Selon Frédéric Roy, coordinateur du concours général agricole à la Chambre d’agriculture d’Alsace, une bouteille médaillée peut se vendre «entre 20 et 30 centimes de plus» qu’une autre sans distinction. Ce qui n’est «pas énorme», mais le macaron permet aussi de «mieux vendre le vin» et «d’écouler assez rapidement les stocks». Le Domaine Xavier Muller, dont les vignobles se trouvent à Marlenheim, dans le Bas-Rhin, en a fait l’expérience. Leur sylvaner cuvée Emile 2020 a reçu le grand prix du jury, la plus haute récompense attribuée au Mondial des vins blancs, en 2022. «Les retombées étaient énormes : deux mois après avoir reçu le prix, on n’avait plus rien [en stock]», raconte Pierre Muller, fils du gérant du domaine familial. Il le reconnaît : «Les médailles rapportent quand même pas mal de choses. Encore plus en grande surface, parce que les gens choisissent souvent en fonction de la médaille sur l’étiquette.»

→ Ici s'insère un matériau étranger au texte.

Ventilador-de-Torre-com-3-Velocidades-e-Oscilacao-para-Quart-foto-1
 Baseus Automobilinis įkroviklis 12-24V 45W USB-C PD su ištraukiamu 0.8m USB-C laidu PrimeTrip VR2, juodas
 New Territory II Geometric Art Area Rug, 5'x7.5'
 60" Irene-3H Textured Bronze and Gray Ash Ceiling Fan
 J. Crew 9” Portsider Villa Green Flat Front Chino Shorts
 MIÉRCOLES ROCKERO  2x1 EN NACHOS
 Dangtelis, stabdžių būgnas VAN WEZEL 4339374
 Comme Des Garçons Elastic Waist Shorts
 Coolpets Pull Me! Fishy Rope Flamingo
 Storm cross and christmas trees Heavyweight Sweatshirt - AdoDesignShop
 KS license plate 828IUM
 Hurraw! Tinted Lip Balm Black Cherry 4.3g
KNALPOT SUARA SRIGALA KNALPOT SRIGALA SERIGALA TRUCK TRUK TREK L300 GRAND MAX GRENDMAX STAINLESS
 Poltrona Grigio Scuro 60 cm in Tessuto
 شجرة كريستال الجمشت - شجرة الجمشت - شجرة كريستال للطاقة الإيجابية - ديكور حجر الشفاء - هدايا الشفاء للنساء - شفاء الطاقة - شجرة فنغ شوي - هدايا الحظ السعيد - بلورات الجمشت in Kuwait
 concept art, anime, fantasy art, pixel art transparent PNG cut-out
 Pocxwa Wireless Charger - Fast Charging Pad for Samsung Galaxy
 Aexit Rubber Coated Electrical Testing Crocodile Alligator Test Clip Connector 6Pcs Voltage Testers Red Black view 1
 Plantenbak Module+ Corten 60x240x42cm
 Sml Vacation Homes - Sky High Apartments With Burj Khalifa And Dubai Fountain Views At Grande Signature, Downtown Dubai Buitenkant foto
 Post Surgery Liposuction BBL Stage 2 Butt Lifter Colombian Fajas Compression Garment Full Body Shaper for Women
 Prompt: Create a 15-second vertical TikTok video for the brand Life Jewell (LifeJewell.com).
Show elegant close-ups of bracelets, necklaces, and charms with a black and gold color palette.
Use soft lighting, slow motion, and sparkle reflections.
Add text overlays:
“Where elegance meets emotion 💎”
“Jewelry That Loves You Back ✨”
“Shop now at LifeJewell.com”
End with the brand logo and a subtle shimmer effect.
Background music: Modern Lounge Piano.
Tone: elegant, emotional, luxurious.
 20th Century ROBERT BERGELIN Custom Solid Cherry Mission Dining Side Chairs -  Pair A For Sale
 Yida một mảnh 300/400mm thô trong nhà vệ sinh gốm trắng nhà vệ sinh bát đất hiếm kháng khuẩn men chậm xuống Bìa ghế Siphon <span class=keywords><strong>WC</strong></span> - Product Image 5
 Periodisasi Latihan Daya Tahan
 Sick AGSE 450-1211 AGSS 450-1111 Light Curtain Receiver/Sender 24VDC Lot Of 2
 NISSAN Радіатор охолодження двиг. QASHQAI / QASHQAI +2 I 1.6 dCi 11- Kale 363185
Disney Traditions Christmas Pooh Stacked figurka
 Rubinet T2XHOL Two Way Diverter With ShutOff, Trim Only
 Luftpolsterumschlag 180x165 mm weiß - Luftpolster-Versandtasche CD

Le macaron brillant d’or, d’argent ou de bronze constitue surtout un repère pour guider le consommateur parmi les innombrables bouteilles en rayons de supermarchés. Les boutiques spécialisées, elles, s’en distancient. Les médailles ne constituent en aucun cas un critère de sélection pour Thierry Hoffer, responsable de la boutique Art du vin, à Strasbourg : «Nos clients n’y sont pas particulièrement sensibles. C’est justement le travail du caviste de choisir des vins. Les gens viennent chez nous pour avoir notre conseil, ils nous font confiance.» En passant rapidement en revue les 500 références de sa boutique, le caviste trouve seulement deux bouteilles médaillées.
«La médaille n'est pas indispensable»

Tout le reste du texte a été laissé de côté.